Addiction like many other chronic illnesses, such as asthma and diabetes, is a relapsing illness. Fortunately, healthcare and other licensed professionals receive excellent treatment and state of the art continuing care resulting in significantly fewer relapses than seen in other populations (See Domino and McLellan). Notwithstanding, stakeholders working with professionals with addictive illness do see relapse and manage their occurrence. In fact, relapse in healthcare and other licensed professionals with addictive illness can be a therapeutic event leading to the elimination of lingering reservations or residual denial so common with addictive illnesses. With this broader understanding, all stakeholders benefit by the adoption of an effective treatment and monitoring response benefiting the professional’s recovery and the public health, safety, and welfare.

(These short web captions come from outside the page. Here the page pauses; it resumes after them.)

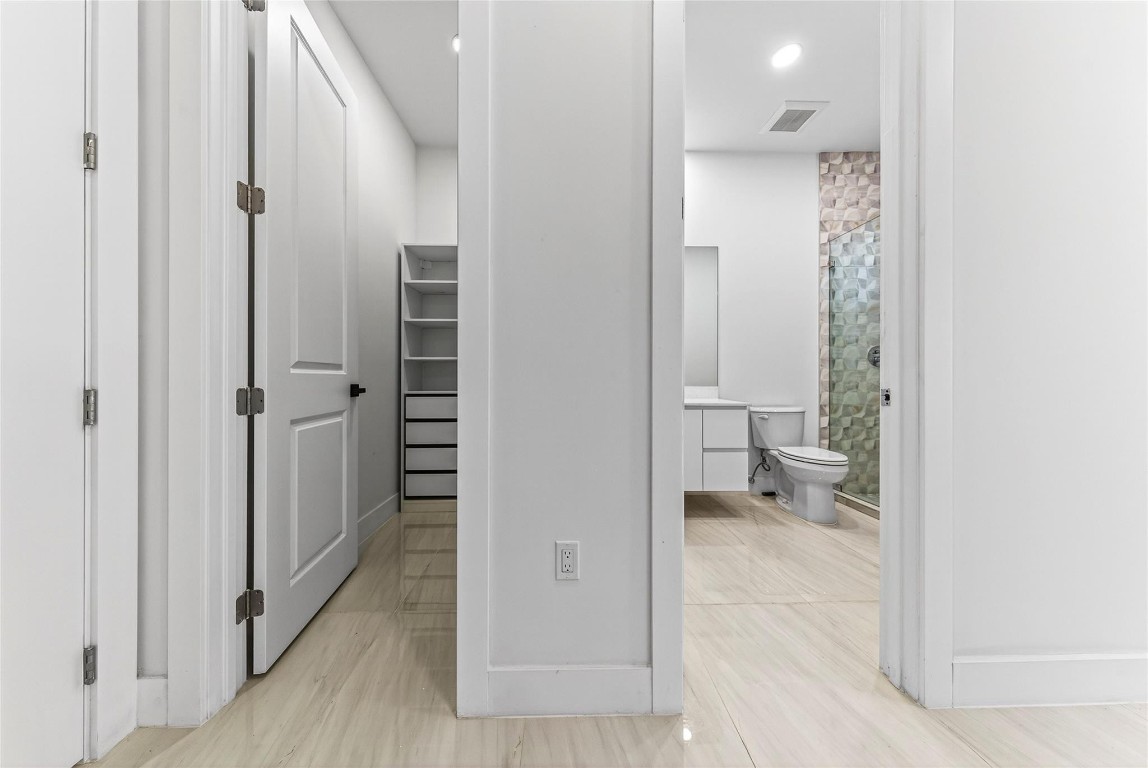 1408 NE 5th #1408A Fort Lauderdale, FL 33301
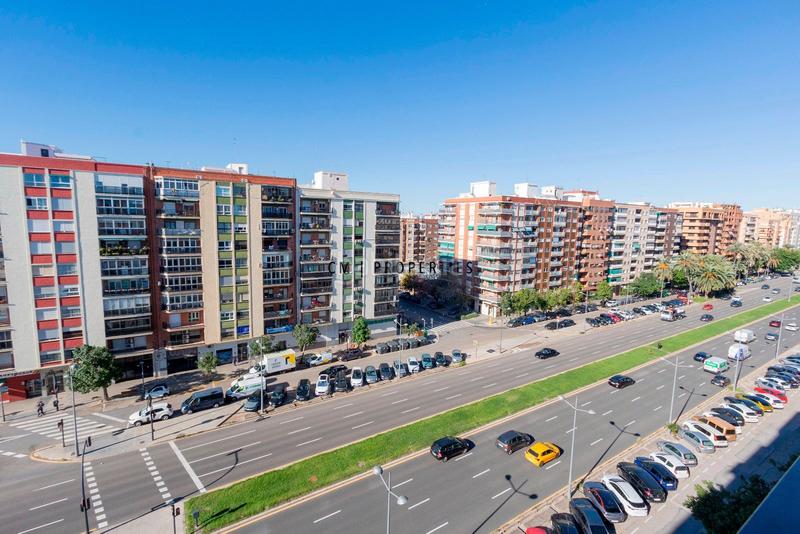 Foto 0cc18c36-62f2-42dc-9d03-6a7d07049d40. Affitto appartamento con riscaldamento in En Corts - Doctor Waksman Valencia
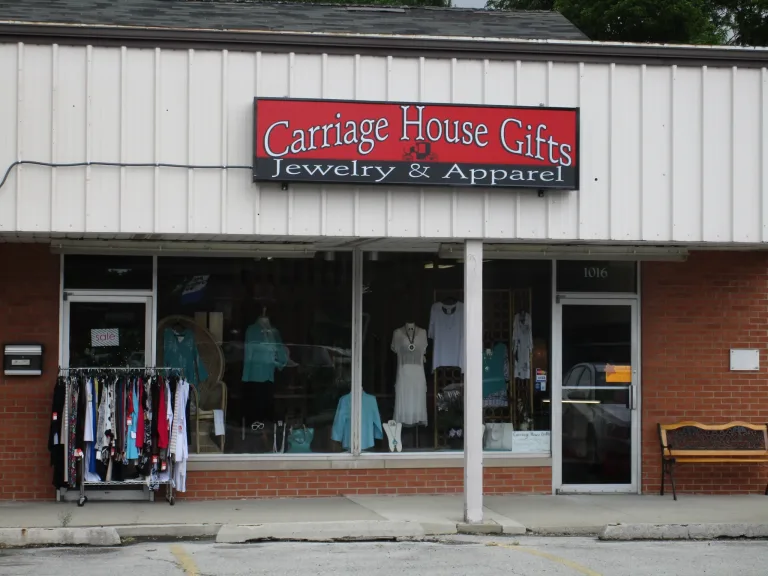 Carriage House Gifts & Fashion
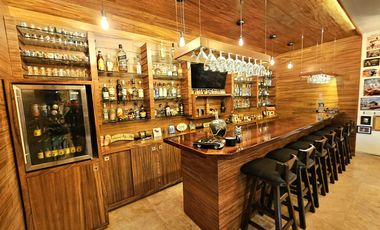 LAS CAÑADAS CASA EN VENTA SUPER COMPLETA CON ALBERCA, TERRAZA, BAR Y HERMOSO JAR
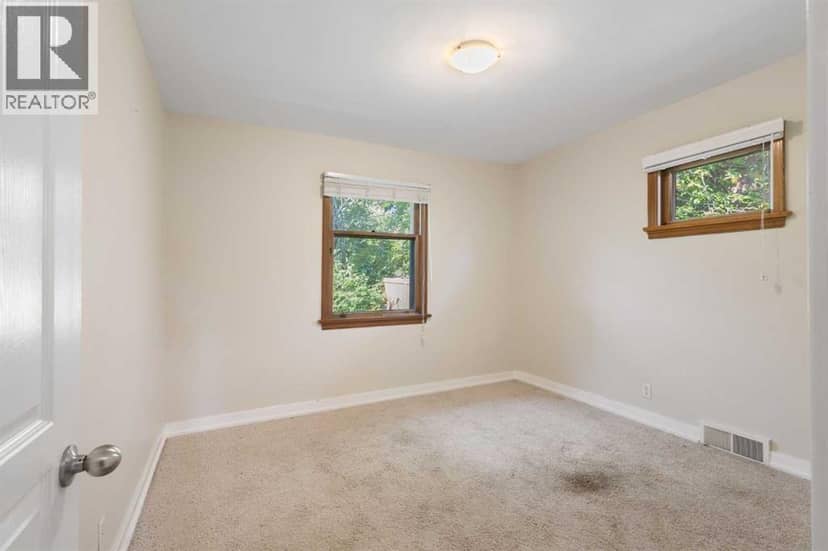 1741 24 Street SW — photo 17 of 40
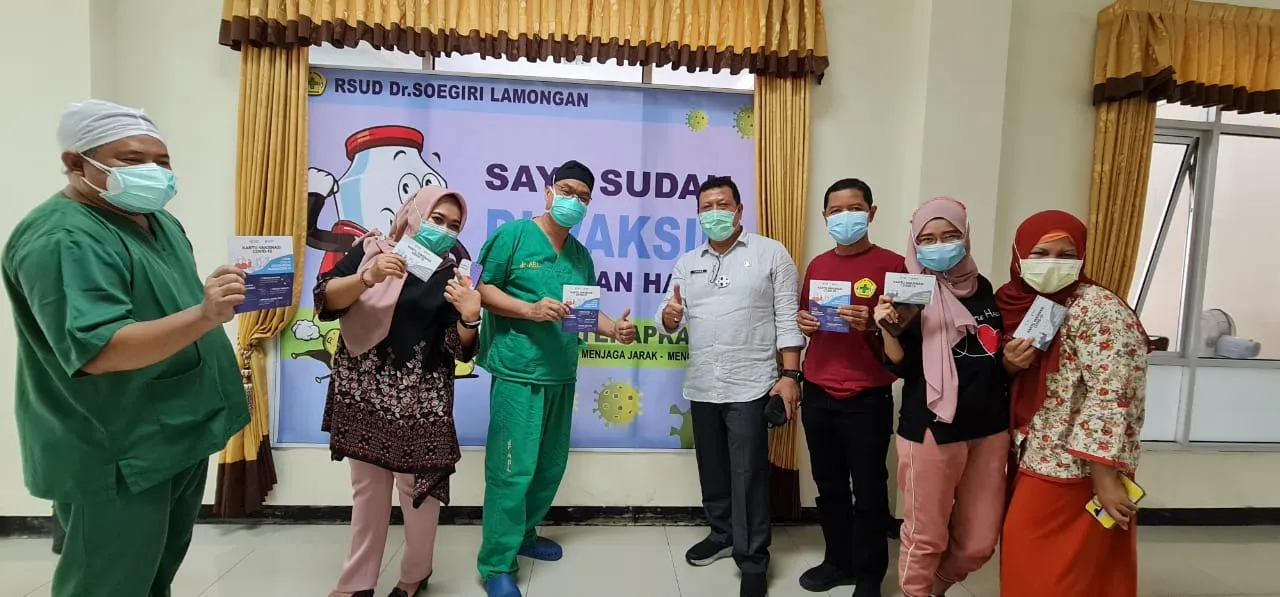 Nakes RSUD Dr Soegiri Lamongan Bentengi Diri dengan Vaksin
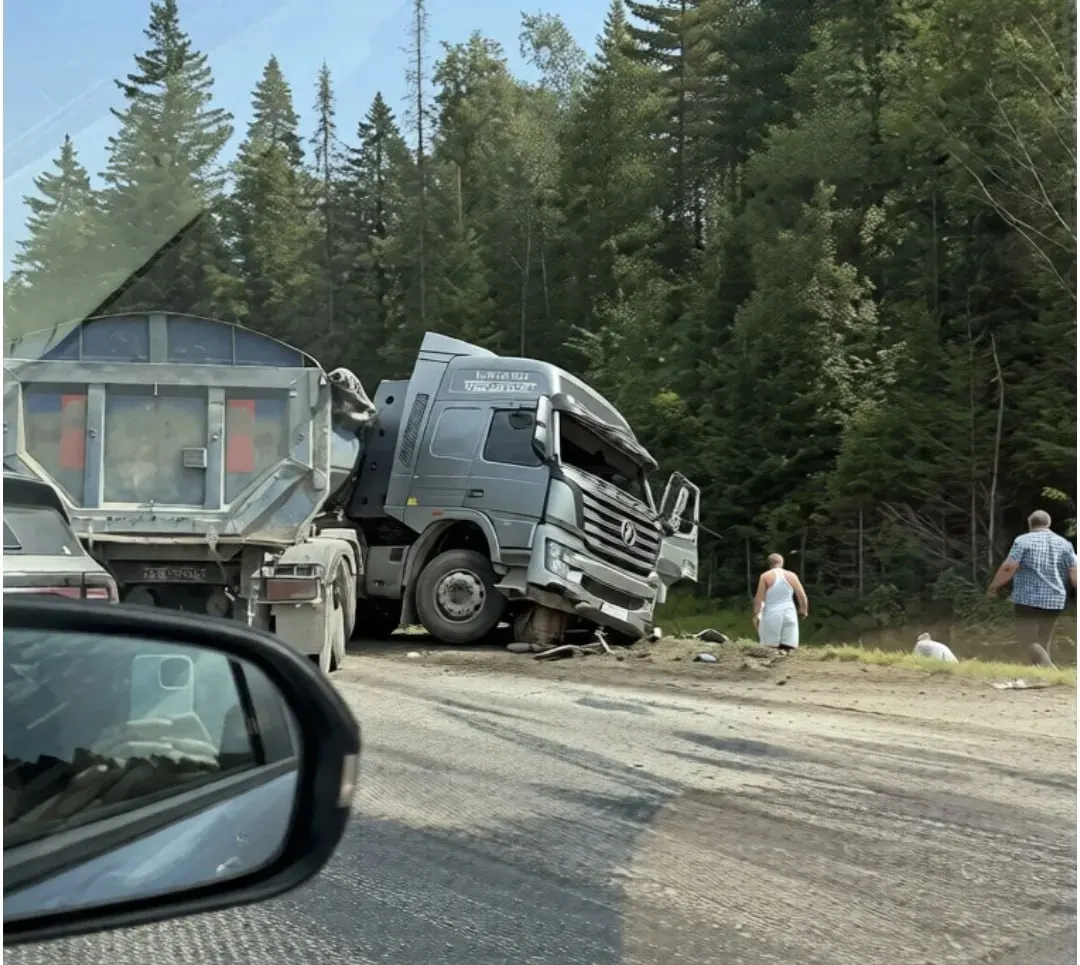 На Восточном обходе грузовой автомобиль столкнулся с трактором и рабочей техникой после развязки на Уинской — на месте образовались заторы.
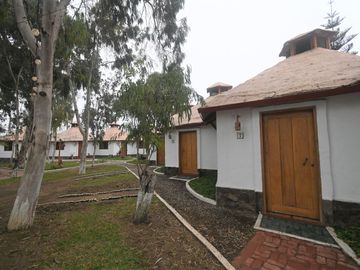 VENDO HOTEL 11 BUNGALOS  KM 101 PANAMERICANA SUR ASIA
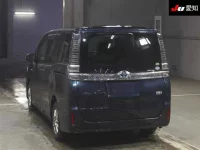 Toyota VOXY лот № 3054 оценка 4  с аукциона в Японии 1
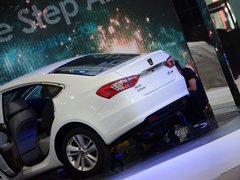 2013款 1.8T 自动 旗舰型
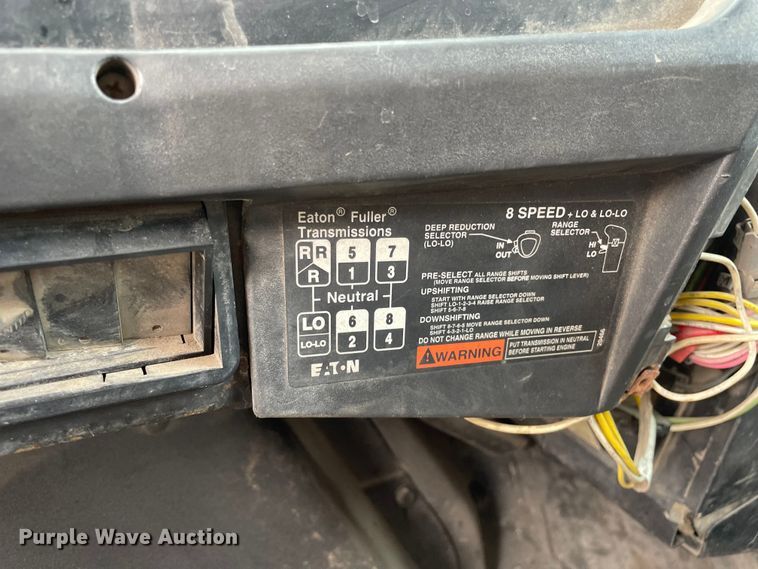 image for item OG9949 2001 International  2554 dump truck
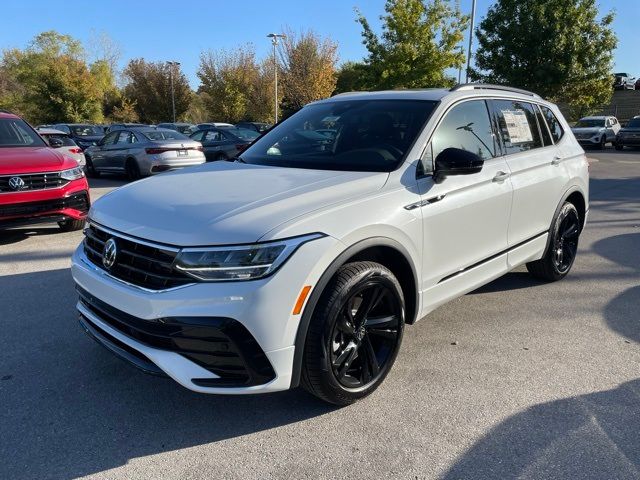 2024 Volkswagen Tiguan SE R-Line Black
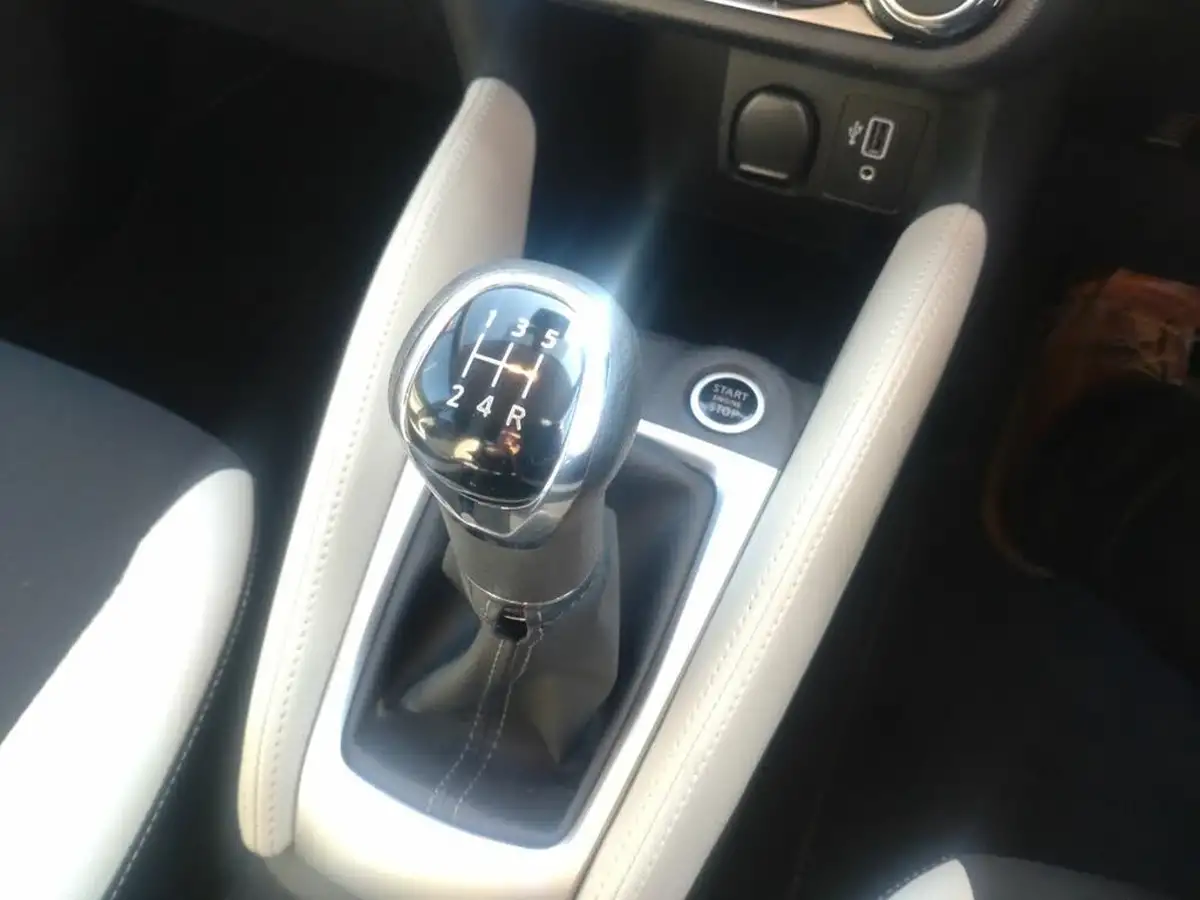 2021-nissan-micra-10-ig-t-tekna-big-22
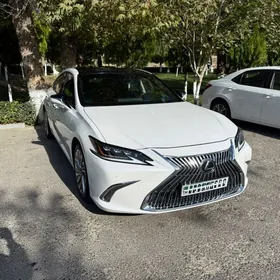 Lexus ES 350 2019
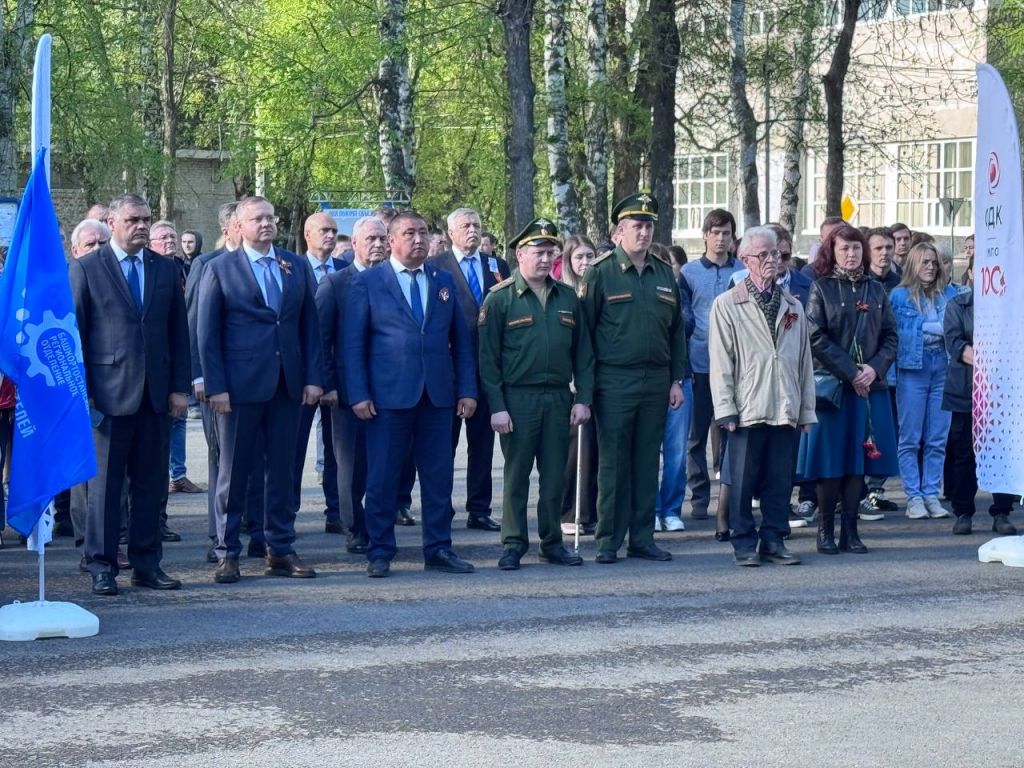 Руководство ОДК-УМПО и приглашенные лица на митинге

Through effective PHP monitoring, relapse is typically discovered behaviorally prior to readministration of addictive substances or during the early phase of attempted “controlled use” and most commonly outside the context of active professional duties. At this point of early detection, the illness has not typically progressed to functional impairment. The once held common fear that patients would be harmed has proven to be unfounded. The Domino and McLellan studies failed to demonstrate patient harm in over 12,000 cases studied of recovering physicians in monitoring, including those who experienced relapse. Healthcare and other licensed professionals preserve their function in the workplace, remarkably well until later stages of the disease manifests. Lastly, anecdotal reports from malpractice carriers support the lack of evidence of patient harm reporting allegations of both active impairment and patient harm due to addiction as being extremely rare. These facts warrant a paradigm shift in viewing the phenomenon of relapse.

The American Society of Addiction Medicine recommends:

1) Healthcare and other licensed professionals with addictive illness and especially those who experience relapse have an obligation to obtain any necessary evaluation, treatment, and continuing care monitoring and should fully cooperate with RAs, ATPs, and PHPs though this process.

2) PHPs must have effective mechanisms in place for the early detection and expedient addressing of relapse before illness progresses to overt impairment.

3) With the understanding of the potential of relapse, PHP continuing care contracts should contain a clause of portability enabling the PHP to report to another state PHP and/or RA any relocation of a monitored healthcare or other licensed professional.

4) The PHP and RA should, within their memorandum of understanding, clearly articulate a mutually agreeable therapeutically effective management and reporting process to be followed in the event of relapse.

5) PHPs must understand, respect and support the mission of the RA to protect the public. Any concern of continued active use should prompt the PHP to demand immediate withdrawal from practice pending further evaluation. Failure of the physician to fully immediately cooperate must result in an immediate report from the PHP to the RA.

6) RAs should understand that relapse is not willful misconduct but a recognized part of addictive illness warranting further intervention; additional treatment; and/or enhanced monitoring. RAs are encouraged to consider relapse in the context of the illness and understand that public disciplinary action is not routinely indicated and can prove counterproductive.

7) RAs are encouraged to work closely with the PHP regarding all aspects of monitoring and rely on the PHPs professional opinion regarding relapse, level of intervention indicated, and the ability of the professional to subsequently engage in their profession safely with or without restrictions.